Dabei passt dieser Körper nicht unbedingt in diese schillernden Welten aus mysteriösen Thrillern und Reisen um die ganze Welt. Etwas grau, unscheinbar und auf den ersten Blick rüpelhaft erscheint der 1930 in Kalifornien geborene Mann, der das US-amerikanische Kino über drei Jahrzehnte entscheidend prägte, bevor er 2004 das Schauspiel hinter sich ließ, um sich im hohen Alter einer Karriere als Autor zu widmen. In der Schauspielklasse mit Dustin Hoffman sagte man, dass er und Hoffman aufgrund ihres Aussehens die geringsten Chancen auf eine Karriere haben würden.


Energie in der Nichtbewegung

Sein großes Vorbild war ein anderer Unpassender des Hollywoodkinos: James Cagney. Mit ihm teilt er auch eine Vorliebe für charakteristische Hüte in den falschen Größen. Wichtiger aber ist eine ganz eigene Energie, die man vor allem dann spürt, wenn sich niemand bewegt. Es gibt ein großes Potenzial für den Ausbruch in beiden Darstellern, und dieses Potenzial macht die Zärtlichkeit einer Ruhe, eines Lächelns oder einer beschwichtigenden Handbewegung erst menschlich. Man spürt die Kraft, die es braucht, um in sich zu bleiben, um zu lieben. Von seiner ikonischen Darbietung des Lex Luthor in den „Superman“-Filmen an wurde Hackman oft als Antagonist besetzt. Was er in der Comicverfilmung noch komödiantisch überdreht, beherrscht er in anderen Arbeiten in großer Ernsthaftigkeit Arroganz, ein fehlendes Nervenkostüm und etwas, was man die Scham des Bösen nennen könnte.

Das kann man etwa in der Zusammenarbeit mit Clint Eastwood entdecken. Sowohl in Absolute Power als auch in Erbarmungslos spielt Hackman mächtige Menschen mit krimineller Energie. Er verkörpert Männer, die alles tun, um an der Macht zu bleiben, deren Leben nicht gelebt, sondern versteckt wird. In den Bewegungen des Sheriffs in Erbarmungslos und des US-Präsidenten in Absolute Power lässt sich eine Scham erkennen. Ab und an blickt er hilfesuchend in die Gesichter, andere Male senkt er beständig den Blick, sodass ihn niemand durchschauen kann. Er dreht sich oft weg von der Kamera, um mit einer plötzlichen und ob ihrer Dreistigkeit erschütternden Sicherheit zurück ins Bild zu kommen. Man spürt diesen Rollen den Druck ihrer moralischen Verirrung an. Gab es zu Zeiten von Cagney noch oft den vom Production Code verlangten moralischen Ausgang von Gangstergeschichten, bräuchte es diesen bei Hackman nicht. Er spielt ihn schon mit, selbst wenn er materiell oder machtbezogen belohnt wird.

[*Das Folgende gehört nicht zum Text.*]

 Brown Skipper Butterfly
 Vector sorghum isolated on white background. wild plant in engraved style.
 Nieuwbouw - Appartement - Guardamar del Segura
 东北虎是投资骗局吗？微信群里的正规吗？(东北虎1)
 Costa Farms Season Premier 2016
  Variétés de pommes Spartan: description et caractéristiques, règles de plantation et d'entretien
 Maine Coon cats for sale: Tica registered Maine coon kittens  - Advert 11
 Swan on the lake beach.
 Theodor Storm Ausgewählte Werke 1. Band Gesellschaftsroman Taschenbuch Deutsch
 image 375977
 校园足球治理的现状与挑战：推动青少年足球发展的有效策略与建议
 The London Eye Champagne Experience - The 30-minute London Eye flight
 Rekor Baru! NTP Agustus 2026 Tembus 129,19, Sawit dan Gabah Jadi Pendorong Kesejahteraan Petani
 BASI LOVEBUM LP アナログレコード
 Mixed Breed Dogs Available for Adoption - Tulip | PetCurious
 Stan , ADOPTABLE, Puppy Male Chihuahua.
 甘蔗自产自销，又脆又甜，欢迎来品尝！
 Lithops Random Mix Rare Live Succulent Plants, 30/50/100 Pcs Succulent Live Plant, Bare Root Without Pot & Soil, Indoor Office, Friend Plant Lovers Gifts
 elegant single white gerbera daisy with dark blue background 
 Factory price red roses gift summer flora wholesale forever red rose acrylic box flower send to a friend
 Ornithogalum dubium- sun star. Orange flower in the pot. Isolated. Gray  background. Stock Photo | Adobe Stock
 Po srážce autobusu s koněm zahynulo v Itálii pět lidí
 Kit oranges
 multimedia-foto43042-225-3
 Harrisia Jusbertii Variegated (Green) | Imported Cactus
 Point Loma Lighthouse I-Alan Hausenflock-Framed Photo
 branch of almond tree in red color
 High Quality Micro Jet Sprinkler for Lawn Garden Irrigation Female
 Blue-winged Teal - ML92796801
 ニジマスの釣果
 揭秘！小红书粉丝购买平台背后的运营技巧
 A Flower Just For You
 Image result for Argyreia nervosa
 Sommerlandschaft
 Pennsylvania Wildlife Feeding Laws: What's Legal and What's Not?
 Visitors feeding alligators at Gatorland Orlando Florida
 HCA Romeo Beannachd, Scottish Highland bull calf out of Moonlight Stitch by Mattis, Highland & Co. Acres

Als US-Präsident zwischen krimineller Energie und moralischen Skrupeln in "Absolute Power"
Als US-Präsident zwischen krimineller Energie und moralischen Skrupeln in "Absolute Power"

Selbstkontrolle dämmt die Zärtlichkeit ein

In mancher Hinsicht erinnert dieser Mann mit dem einschüchternden Gebaren und den ängstlichen Augen, dem lichten Lockenkopf und dem strahlenden Lächeln an einen Ehemann aus einem japanischen Film von Mikio Naruse oder Yasujirō Ozu. Auch diese Männer sind oft bedachte, unnahbare Wesen, in denen zwar Zärtlichkeit schlummert, aber die ihr Leben der Konsolidierung ihrer Macht und Kontrolle widmen. Tatsächlich filmt Eastwood (einer der japanischsten Filmemacher der USA) Hackman ganz im Stil von Ozu oft aus extremer Untersicht. Selten haben einzelne Bilder Untersicht und Unsicherheit so nah zusammengebracht.

Trotz dieser Analogien war Hackman während seiner Karriere zumeist in Thrillern oder Actionfilmen zu sehen. Aus dem „New Hollywood“-Kino entsprungen, mit wunderbaren Rollen in Asphalt-Blüten oder Brennpunkt Brooklyn, konnte er in dramatischen Rollen kaum brillieren, wie das etwa Dustin Hoffman, Al Pacino oder Robert De Niro möglich war.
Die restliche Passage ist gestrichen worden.